What this task involves: Using the data below, print exactly the line with "Protected by fuck", the line with "Vaccinated Traveller Saying", and every line between them, but none of the pictures.

Input:
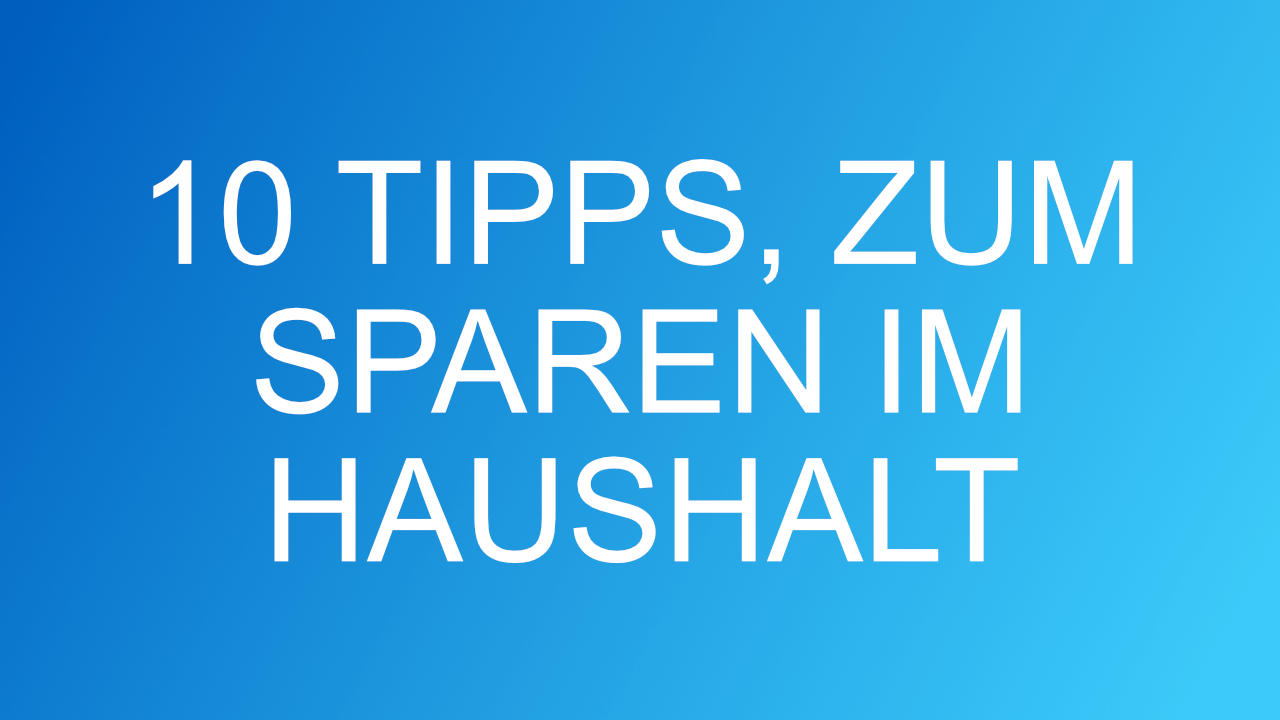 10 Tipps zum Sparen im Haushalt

==

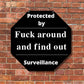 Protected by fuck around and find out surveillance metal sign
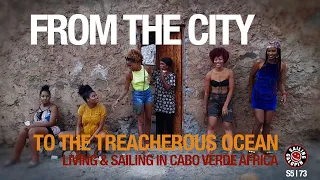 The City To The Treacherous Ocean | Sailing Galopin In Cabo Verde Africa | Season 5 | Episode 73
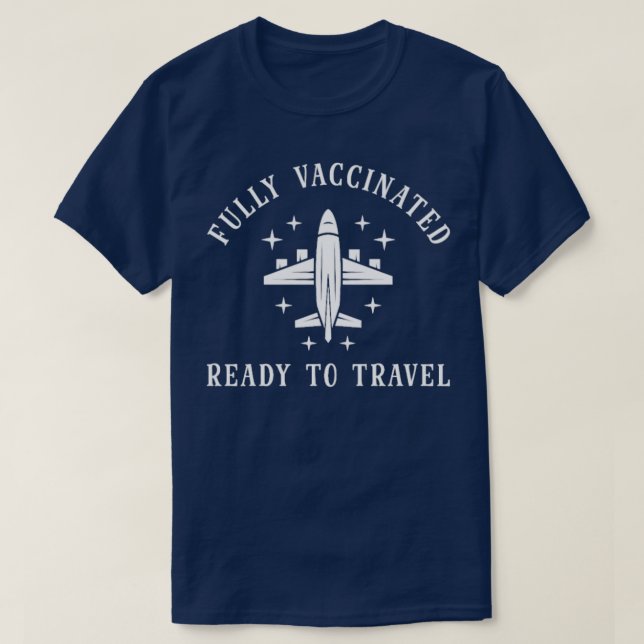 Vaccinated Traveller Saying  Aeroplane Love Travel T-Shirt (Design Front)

Problem solution:
 Protected by fuck around and find out surveillance metal sign
 The City To The Treacherous Ocean | Sailing Galopin In Cabo Verde Africa | Season 5 | Episode 73
 Vaccinated Traveller Saying  Aeroplane Love Travel T-Shirt (Design Front)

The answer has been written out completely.